# Cutting and high rep/low weight



## VicVega (Dec 12, 2004)

When cutting, should you move to a higher rep, lower weight w/o? Is there any place for higher rep/lower weight? 

I ask this becuase im going to be cutting over christmas break, and other than cardio stuff ex, stair master, running, row machine what should i be doing? Of course i understand that diet is a key factor, but i dont know what i should be doing in the weight room if i should be at all. If someone could suggest a key w/o for maximum fat loss it would be greatly appreciated.


----------



## pumpthatiron (Dec 12, 2004)

USE THE SEARCH MAN

WEIGHT TRAINING DOESN'T CHANGE, diet does

"cutting is all about diet and cardio" -gopro


----------



## CowPimp (Dec 12, 2004)

It is my opinion that training for strength is a good idea while cutting.  You aren't going to gain muscle mass while cutting.  However, you may very well improve your strength while cutting.


----------



## Duncans Donuts (Dec 12, 2004)

I have never succesfully gotten stronger on any training method while doing a serious cut


----------



## LAM (Dec 12, 2004)

VicVega said:
			
		

> When cutting, should you move to a higher rep, lower weight w/o? Is there any place for higher rep/lower weight?
> 
> I ask this becuase im going to be cutting over christmas break, and other than cardio stuff ex, stair master, running, row machine what should i be doing? Of course i understand that diet is a key factor, but i dont know what i should be doing in the weight room if i should be at all. If someone could suggest a key w/o for maximum fat loss it would be greatly appreciated.

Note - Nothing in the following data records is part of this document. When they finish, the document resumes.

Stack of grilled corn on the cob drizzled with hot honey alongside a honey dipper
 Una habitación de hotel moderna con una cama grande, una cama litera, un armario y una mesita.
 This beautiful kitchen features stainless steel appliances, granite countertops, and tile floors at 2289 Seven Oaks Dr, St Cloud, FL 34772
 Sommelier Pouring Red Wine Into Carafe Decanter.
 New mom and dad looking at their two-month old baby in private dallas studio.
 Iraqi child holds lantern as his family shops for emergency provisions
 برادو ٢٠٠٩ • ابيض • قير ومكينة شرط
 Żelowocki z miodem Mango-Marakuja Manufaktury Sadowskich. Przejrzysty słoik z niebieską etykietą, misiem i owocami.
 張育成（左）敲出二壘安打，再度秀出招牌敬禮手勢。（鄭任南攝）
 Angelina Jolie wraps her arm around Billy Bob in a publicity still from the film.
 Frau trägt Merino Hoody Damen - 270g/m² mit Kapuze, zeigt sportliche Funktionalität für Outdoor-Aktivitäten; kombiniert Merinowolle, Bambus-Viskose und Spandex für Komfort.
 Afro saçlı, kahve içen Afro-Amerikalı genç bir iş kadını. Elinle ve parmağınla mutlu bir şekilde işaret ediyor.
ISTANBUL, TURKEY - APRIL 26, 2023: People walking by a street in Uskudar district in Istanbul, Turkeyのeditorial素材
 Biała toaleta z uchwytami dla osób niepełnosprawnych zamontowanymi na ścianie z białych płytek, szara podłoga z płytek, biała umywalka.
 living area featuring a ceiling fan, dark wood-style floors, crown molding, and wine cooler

high reps are basically for endurance training...


----------



## CowPimp (Dec 12, 2004)

Duncans Donuts said:
			
		

> I have never succesfully gotten stronger on any training method while doing a serious cut



If you're losing muscle mass, then probably not.  However, if you can maintain virtually all of your muscle mass, then improved neuromuscular efficiency can still result.


----------



## Tha Don (Dec 13, 2004)

personally i cycle between low reps/heavy weight and higher reps/lighter weight whilst cutting

i definately enjoy the pumps i get whilst on the higher rep work, vascularity is awesome

i never gain strength whilst cutting, i just try to retain as much as possible keep lifting heavy on the heavy days, if you went light every session without doubt you'd lose strength and probably a fair bit of LBM

peace


----------



## joey2005 (Dec 13, 2004)

Ive lost 3 inches on my waist and have tremendoua muscle gains in chest/shoulders/bicep/tricep...maybe its just that im losing fat and they ar more visible.


----------



## Mudge (Dec 13, 2004)

All high reps do, coupled with shorter rest periods between sets, is serve to keep the heart rate elevated just like circuit training.


----------